TASK: Pictures stay out of the output. Return exactly the lines below from the one with "Obraz premium Rainy" down to the one with "ESCALERA MADERA DOBLE", both included, and nothing more.

SOURCE MATERIAL:
══════════════════════════════

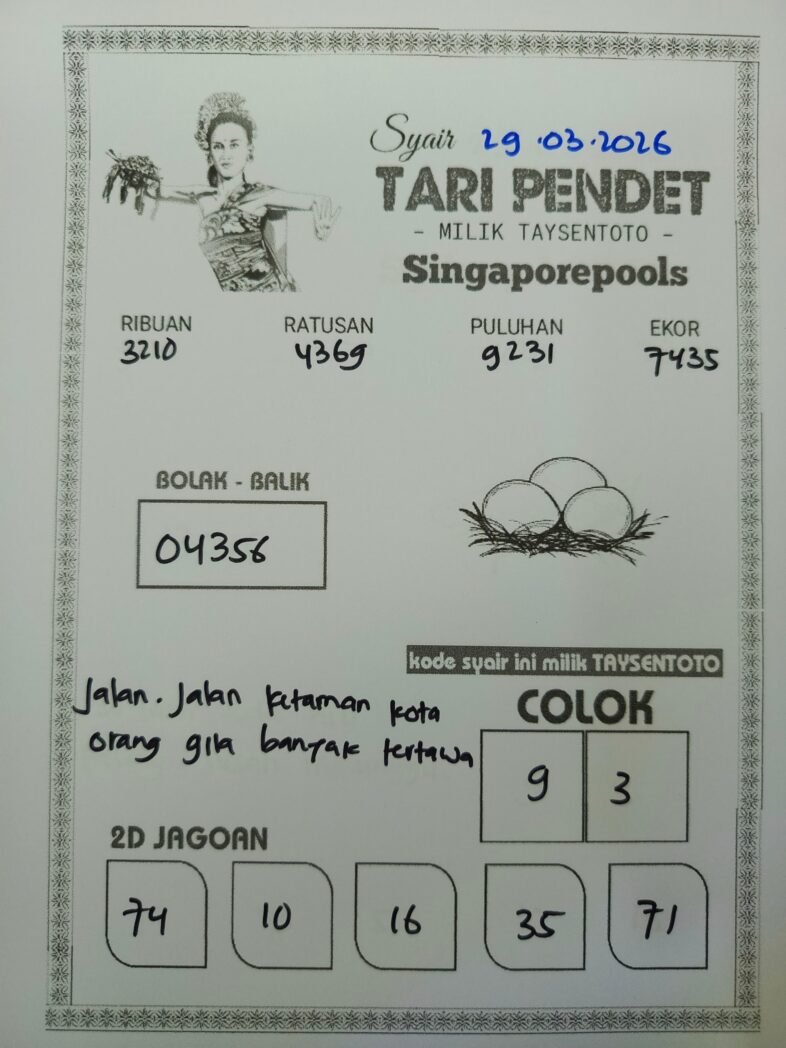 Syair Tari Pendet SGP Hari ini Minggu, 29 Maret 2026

══════════════════════════════

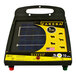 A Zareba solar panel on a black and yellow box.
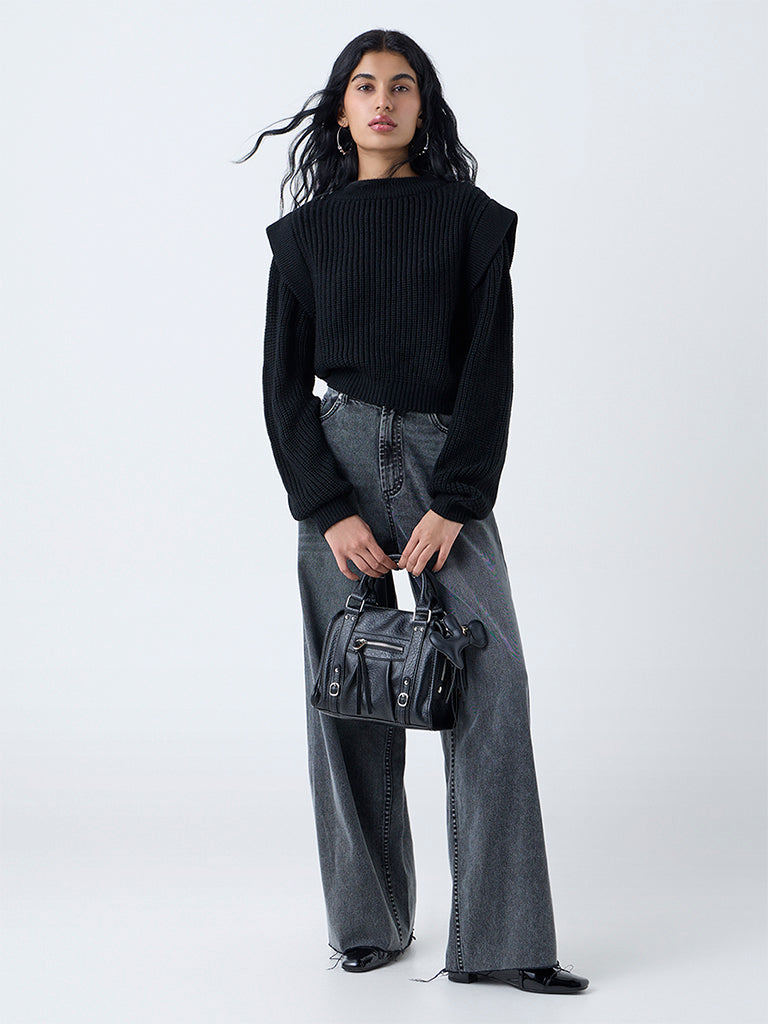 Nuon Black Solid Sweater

══════════════════════════════

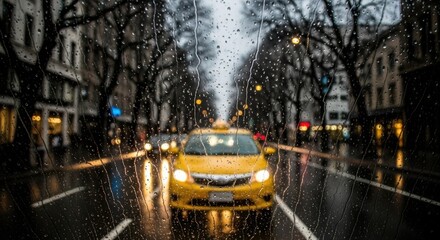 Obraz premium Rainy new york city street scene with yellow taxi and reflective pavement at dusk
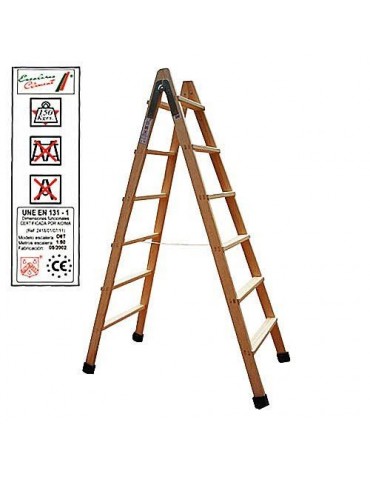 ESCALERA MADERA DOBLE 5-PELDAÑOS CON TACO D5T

══════════════════════════════

OUTPUT OF THE TASK:
 Obraz premium Rainy new york city street scene with yellow taxi and reflective pavement at dusk
 ESCALERA MADERA DOBLE 5-PELDAÑOS CON TACO D5T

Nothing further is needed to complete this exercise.